DATA FOR PROCESSING section start

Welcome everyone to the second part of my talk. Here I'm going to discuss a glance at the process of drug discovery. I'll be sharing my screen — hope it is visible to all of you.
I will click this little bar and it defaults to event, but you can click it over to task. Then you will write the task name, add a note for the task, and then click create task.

DATA FOR PROCESSING section end
DATA FOR PROCESSING section start

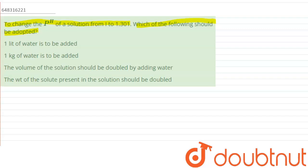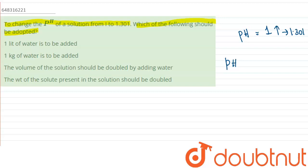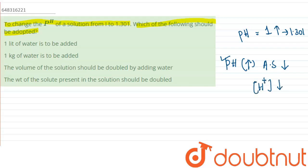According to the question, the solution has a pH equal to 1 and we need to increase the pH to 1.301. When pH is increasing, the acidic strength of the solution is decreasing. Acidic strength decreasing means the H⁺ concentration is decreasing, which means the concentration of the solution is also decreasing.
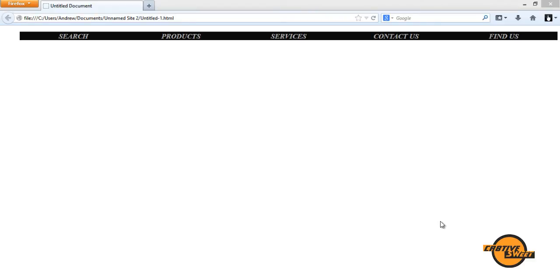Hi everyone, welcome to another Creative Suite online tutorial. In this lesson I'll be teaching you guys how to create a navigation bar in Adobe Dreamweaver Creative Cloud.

DATA FOR PROCESSING section end

ACTIVITY:
Set down exactly the lines of the data above, beginning with the line that has "Welcome everyone to" and ending with the line that has "I will click", and no others.

ANSWER BELOW:
Welcome everyone to the second part of my talk. Here I'm going to discuss a glance at the process of drug discovery. I'll be sharing my screen — hope it is visible to all of you.
I will click this little bar and it defaults to event, but you can click it over to task. Then you will write the task name, add a note for the task, and then click create task.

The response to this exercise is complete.